Dead Man’s Wake by Paul Doiron: Featured Excerpt

Game Warden Mike Bowditch's engagement party is interrupted by the discovery of a gruesome double murder in this new thriller from Edgar Award-winning author Paul Doiron. Start reading an excerpt here!

1

It’s a wonder that all marriages don’t end in murder-suicides,” said my stepfather’s new wife, Jubilee.

Neil, my stepdad, nearly spit out his decaf.

It was the evening of Stacey’s and my engagement party.

In the five years since my mom had died, Neil Turner and I had drifted apart. We had never been close to begin with, but he and Jubilee had decided to have a celebratory dinner for us at their lake house in central Maine, over the Labor Day weekend. They had invited Stacey’s parents, Charley and Ora Stevens, who had flown down from the North Woods in their Cessna 182 bush plane. Now the six of us were gathered in the great room, enjoying our blueberry pie and coffee while a warm breeze ruffled the curtains.

“You might want to have another look at your will, Neil,” Ora Stevens said apropos murder-suicides.

“He has nothing to worry about,” said Jubilee. “I told him, after he proposed, that I wasn’t after his money or his last name.”

Jubilee Batchelder had been christened Julie, but the name hadn’t been fabulous enough for her adult self. (It was a judgment with which I happened to agree, based upon our brief acquaintance.) And so, in college, she had become Jubilee.

She worked as a yoga teacher and massage therapist—she had met Neil on her table—and was closer to my age than his: a fact that had troubled me at first and still did to some degree. She was an attractive if not conventionally beautiful woman, lean from hot yoga and a pescatarian diet. Her most striking feature was a mass of honey-blond hair that would not be contained.

I guessed that Jubilee had been the creative force behind the design of this modernist mansion, as my stepfather was a bright but thoroughly conventional man, a graying tax attorney who dressed in ironed polos and pressed chinos and played a lot of golf.

Somehow the topic had gotten onto the dreaded 9-1-1 calls that cops termed domestics. Jubilee hadn’t realized that Maine game wardens—which Charley had been before his retirement and which I still was—had the same arrest powers as sheriffs, that we served as an off-road police force when no other officers were available in rural corners of the state. We saw a lot of shit, in other words. When a warden rolled up on a house fully involved in a conflagration of violence, you could never predict the outcome.

“Finish your story, Charley,” Ora instructed her husband. Stacey’s mother sat, as always, in her wheelchair, cupping a tumbler of scotch on her blanket-draped lap. She wore her snowy-white hair in a shoulder-length bob. Her daughter had inherited her high cheekbones and almond-shaped green eyes that, in Ora, were even paler and more captivating.

“It happened just up the road when I was a tenderfoot warden,” said Charley, who never needed encouragement. “The Belgrade Lakes region was my first district, you see.”
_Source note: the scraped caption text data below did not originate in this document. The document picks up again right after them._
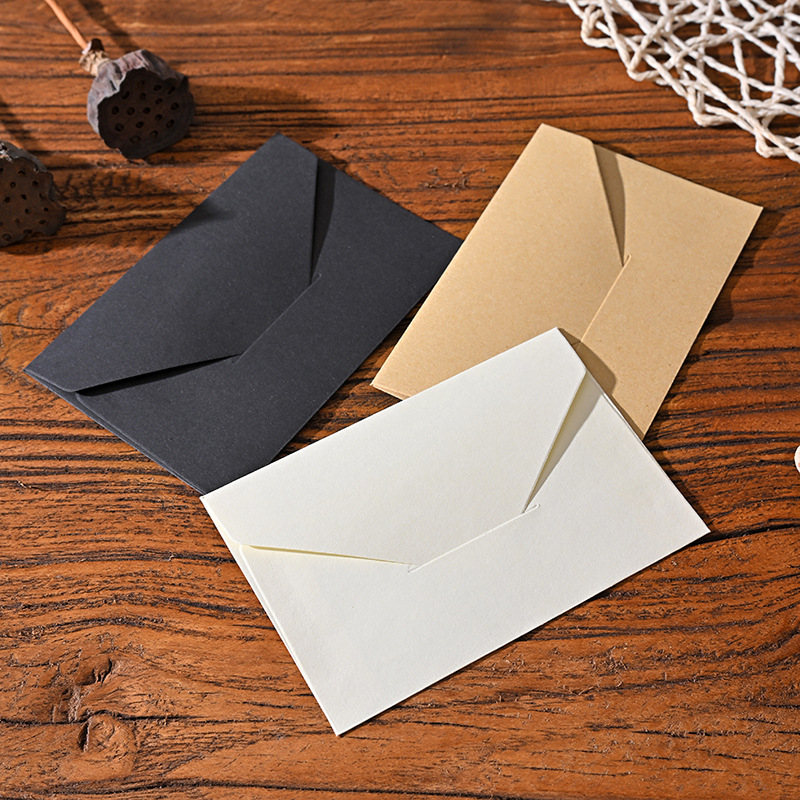 50 stuks 10.5x7 cm Enveloppen  - Wedding Supply Business recensie en prijs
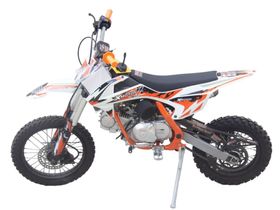 Мотоцикл X-MOTOS 14/12 JET PITBIKE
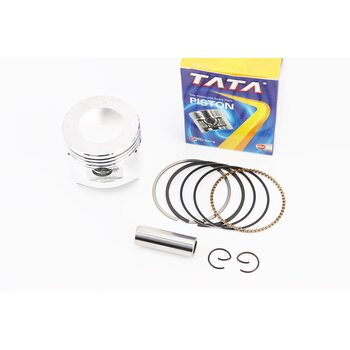 Поршень к-кт 100cc 50мм STD (палец 13мм)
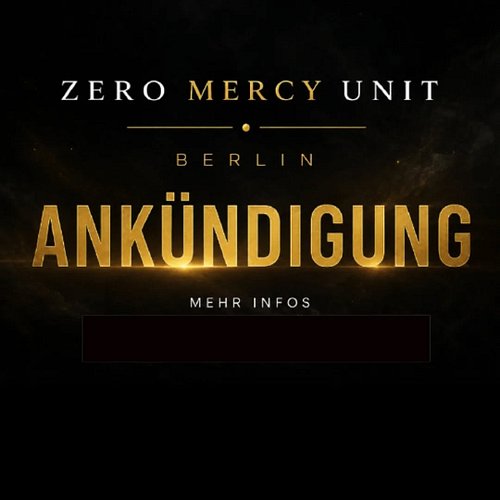 Infomiert:

Liebe SoftAir Community,
Wir möchten euch mitteilen das wir uns nach dem letzen Event in der @airsoftoperations e...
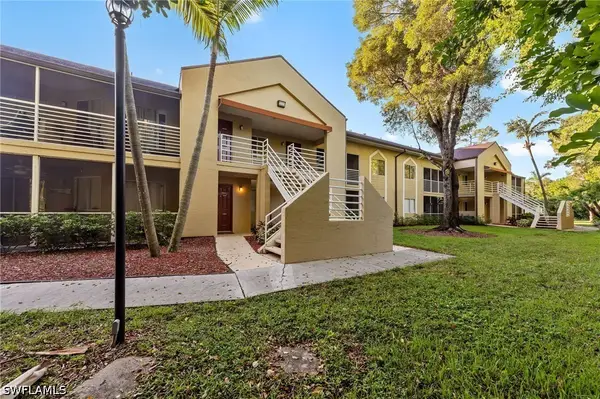 3170 Seasons Way #814, Estero, FL 33928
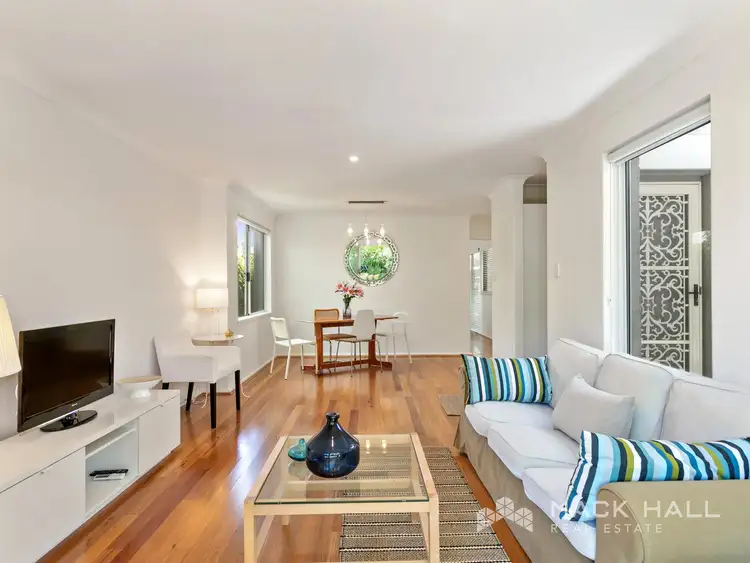 Fourth view of Homely house listing, 14 Loretto St, Subiaco WA 6008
Stacey’s dad was a wiry man with white hair clipped close to his head and a rugged face I’d heard described as “halfway between handsome and homely.” As usual, he was dressed from head to toe in green, as if he’d spent so many decades in uniform—first as an army pilot in Vietnam, then as a warden in Maine—that it was impossible for him to imagine wearing any other color.
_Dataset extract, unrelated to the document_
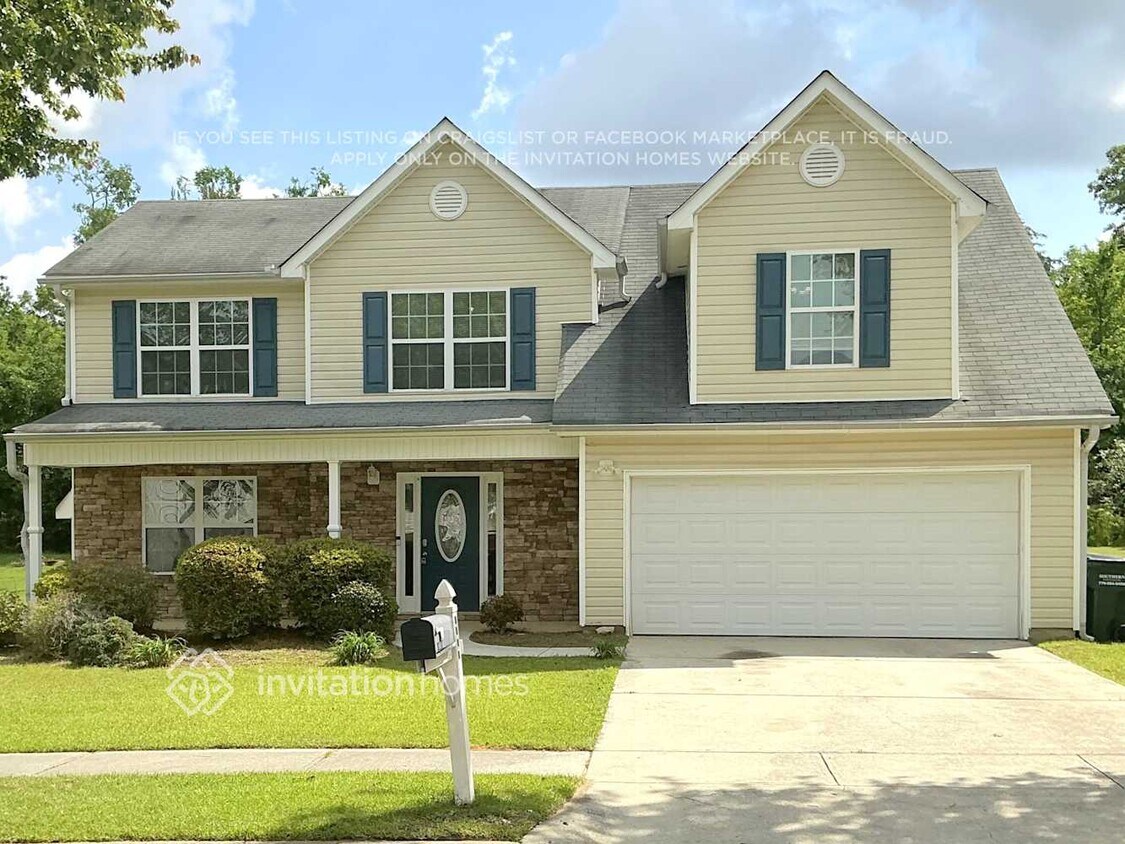 Foto principal - 3838 White Pine Rd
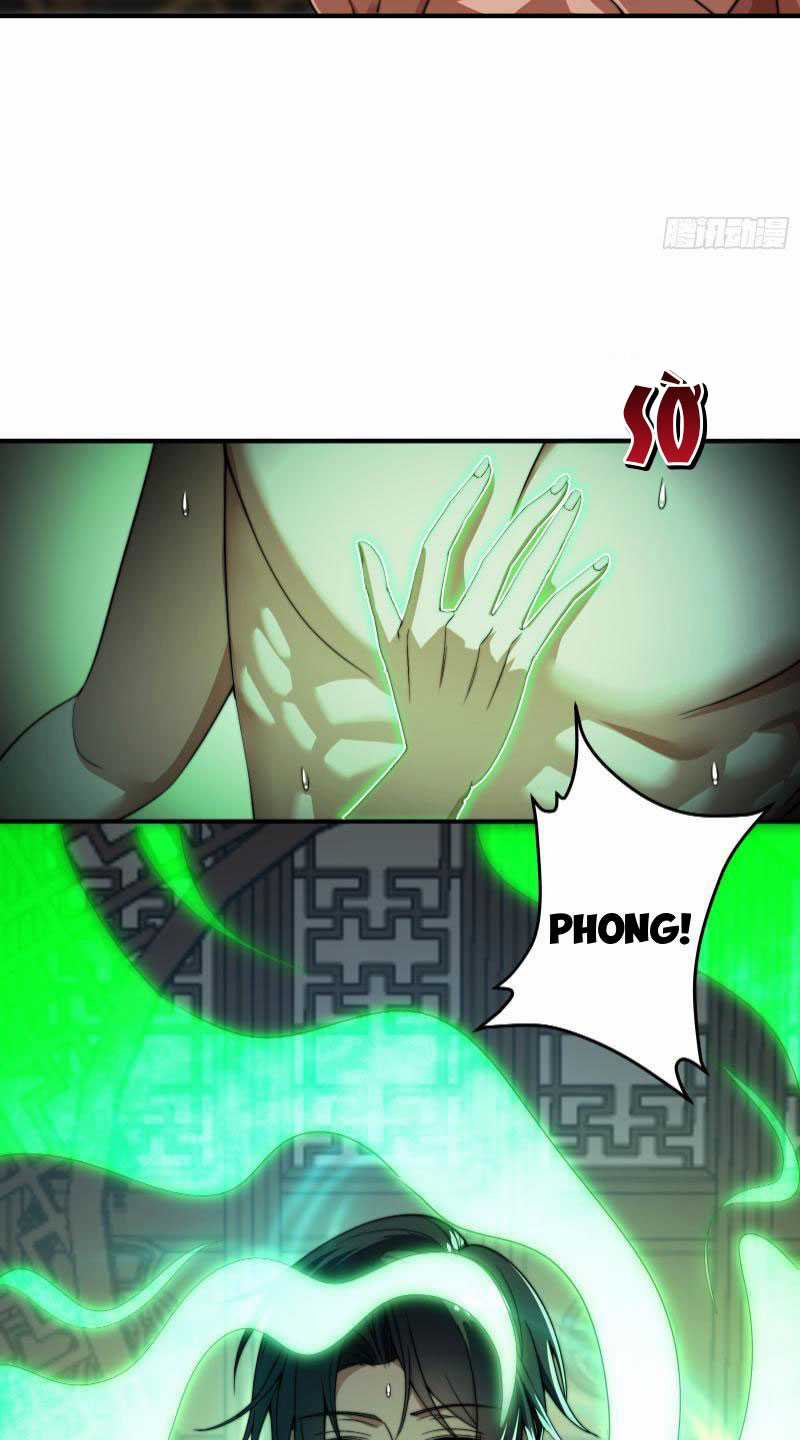 Bắt Đầu Khóa Lại Thánh Nữ Hệ Thống Chapter 1 trang 38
“One night,” he continued, “I got a call from the dispatcher that a man was beating up his new wife over in Skunk Hollow. He gave me some lip when I arrived, but I wrestled him to the ground easily enough. But as soon as I slapped the cuffs on the husband, the wife began punching me!”

Neil was still off-balance from Jubilee’s joke about all marriages going bad. “I’m not sure this is an appropriate conversation for an engagement party.”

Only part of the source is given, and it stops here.